About the Berkey Water Filter
The Berkey is a stainless steel countertop water filter with a top and bottom drum. You simply fill the top drum with cool or cold water and it filters down into the bottom drum, where it stays until you open the spigot to let it flow out.
Berkeys are actually considered water purifiers, because of all the junk they remove from water. We'll get into that a bit later.
Pros of the Berkey Water Filter
Ease of use - The Berkey is so easy to use. Fill the top with water and once it's filtered, open the tap to get it out. It's also quite easy to prime the filters (flush out air). It can be put together in a cinch- simply screw filters on and plug spare holes (if using 2 filters instead of 4) and attach the spigot.
Stainless steel - Because the drums are made of stainless steel, it's durable, rust-proof and looks great on your countertop!
Portable - You can take the Berkey anywhere you want, as it's not connected to your water supply. You can also move it around in your kitchen to find the spot that works best for you.
Price per gallon - Berkey comes out on top when you compare its cost per gallon of filtered water vs other filtration systems.
Testing - You have the ability to test your Berkey filters to ensure they are filtering water properly. Empty your Berkey, mix 1 teaspoon of red food coloring into a gallon of water and pour it into your Berkey. If the water comes through clean and clear, the filters are working properly! If some red comes through, your filters have been damaged or compromised and it's time to get new ones. With other systems, it's impossible to find out yourself if the filters are doing their job properly.

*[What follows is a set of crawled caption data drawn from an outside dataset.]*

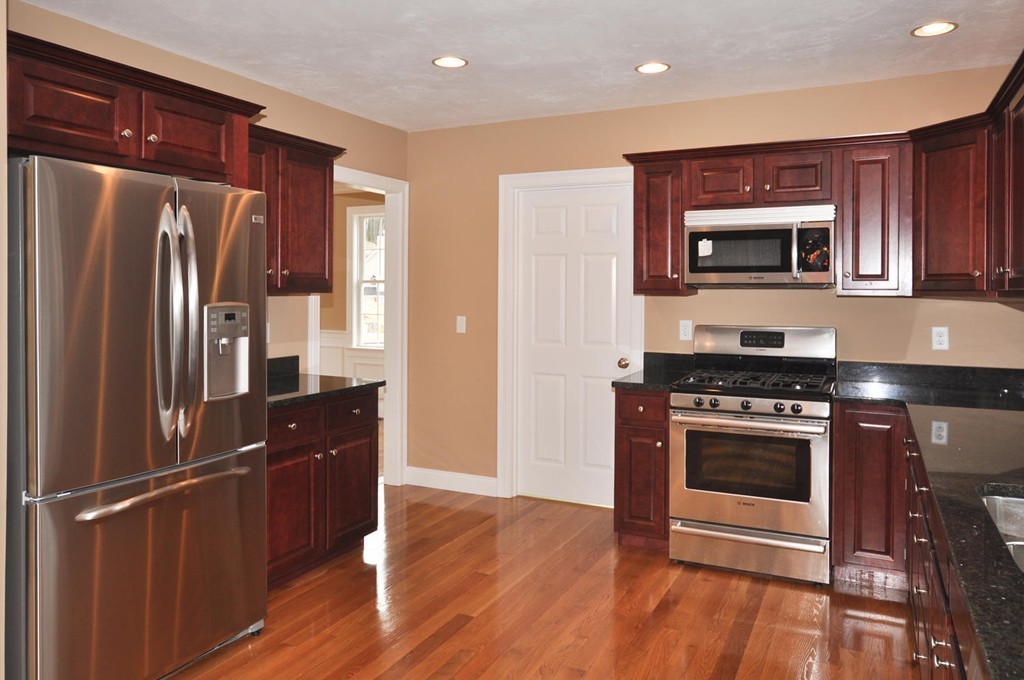 4 Rhodes Drive Berlin, MA 01503 - Photo 8 of 13 Gallery Image 8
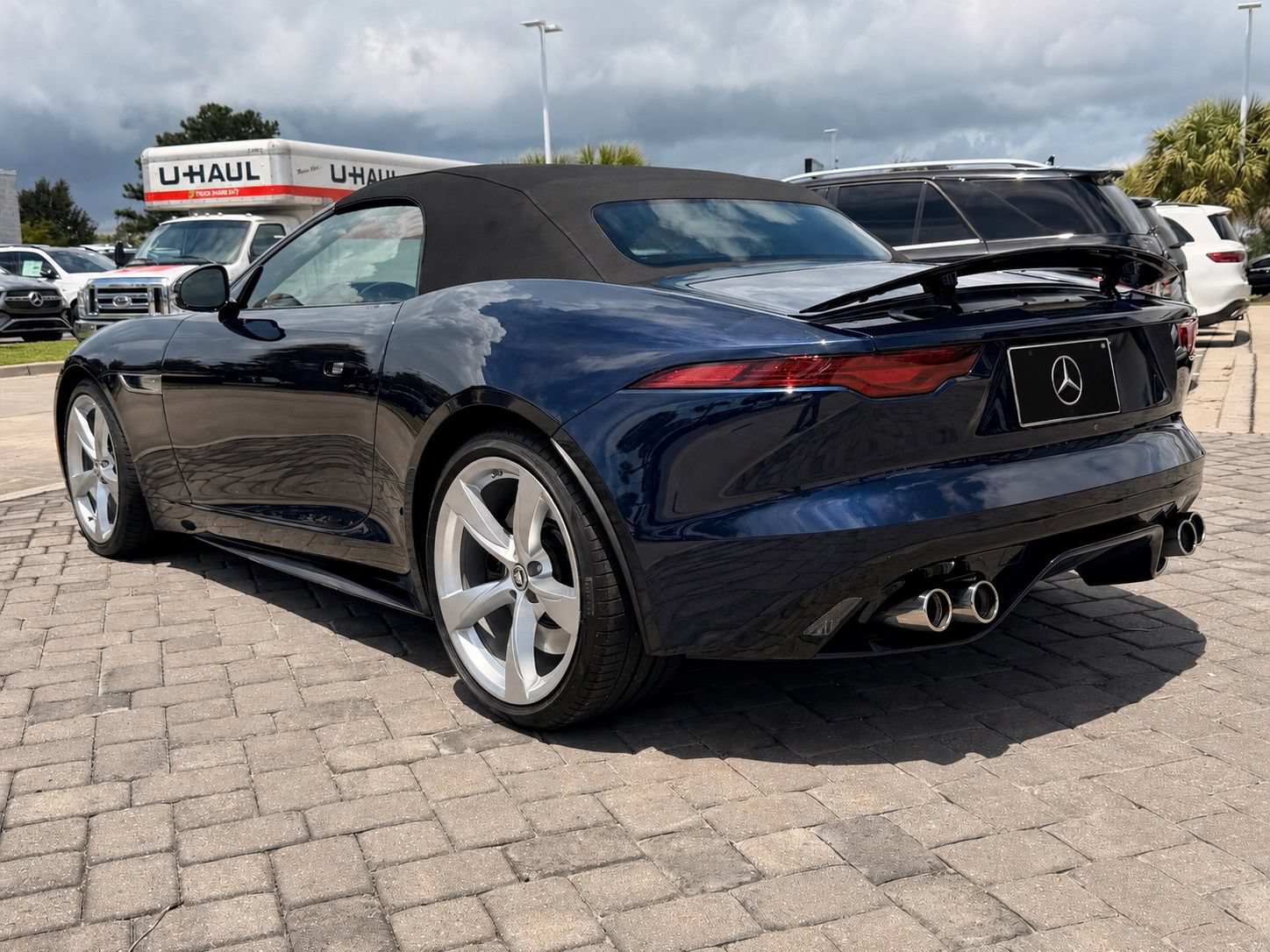 Used 2024 Jaguar F-TYPE R-Dynamic RWD image 11
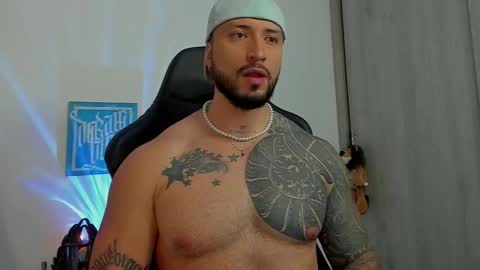 DAVE MAX online show from 10/03/25, 05:21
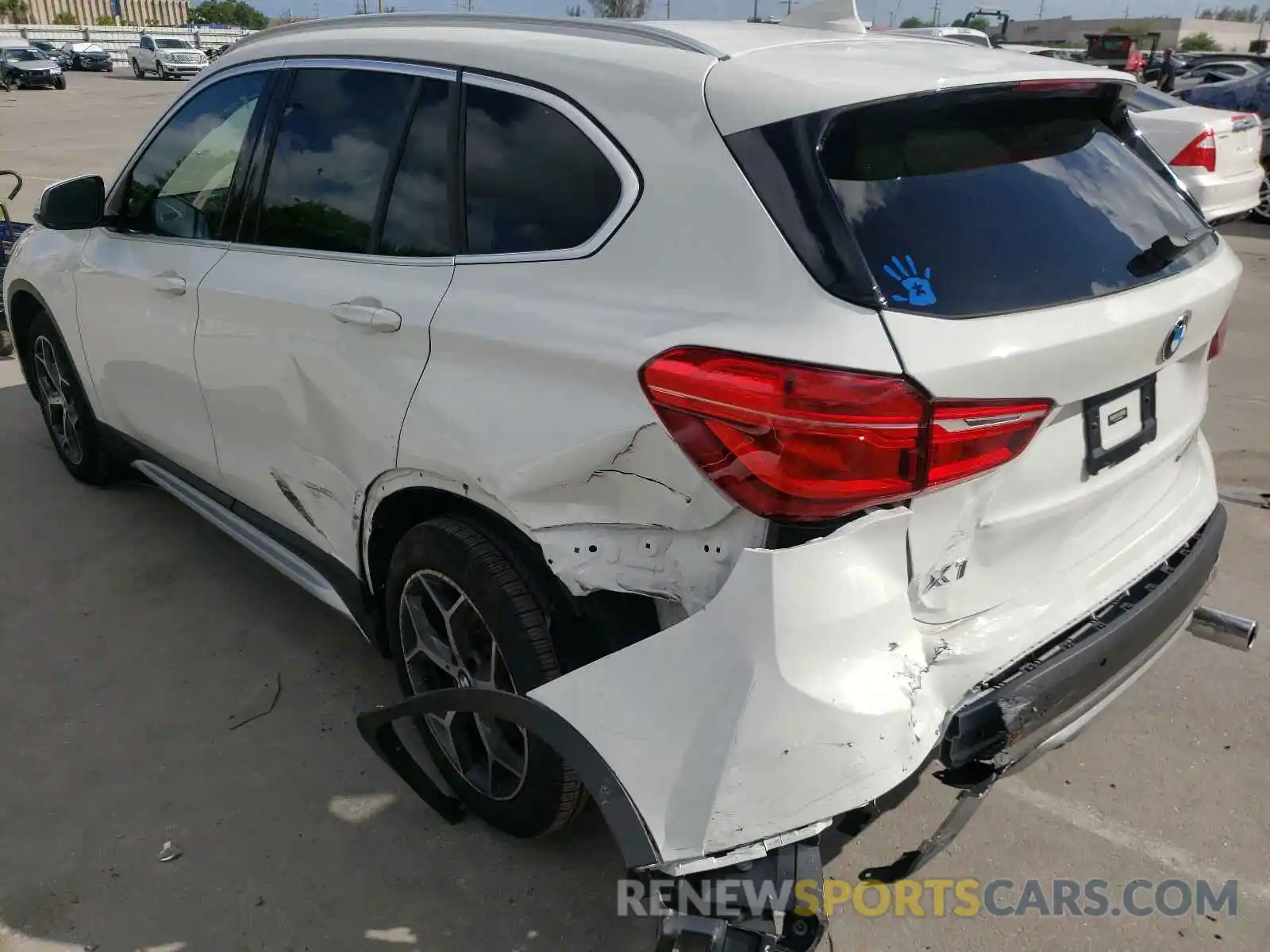 9 Photograph of a damaged car WBXHU7C57K5N42728 BMW X1 2019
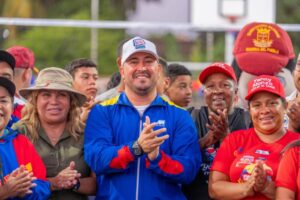 Yanny Alonzo impulsa el deporte en inauguración de cancha deportiva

Beneficial minerals are retained - Many water filtration systems, like distillation and reverse osmosis systems, remove all the minerals from the water they filter, including the healthy ones. Berkey takes out the bad and leaves the good.
Filter quality - These filters remove 99.999% of everything bad from your water! It's a very long list - viruses, pathogenic bacteria, heavy metals, toxins, parasites, chemicals (pesticides, herbicides, detergents, etc), offensive tastes and odors. I could go on, but you get the point! You do need to purchase the separate PF2 filters to filter out fluoride and arsenic from the water, but it's worth it!
Emergency preparedness - The Berkey is a great water filter for an emergency situation, like a natural disaster where your clean water source is cut off. Because it filters so much out, you can put rain, pond or river water through it! Just strain the water through a t-shirt or towel first to remove any debris- this will extend the life of the filters.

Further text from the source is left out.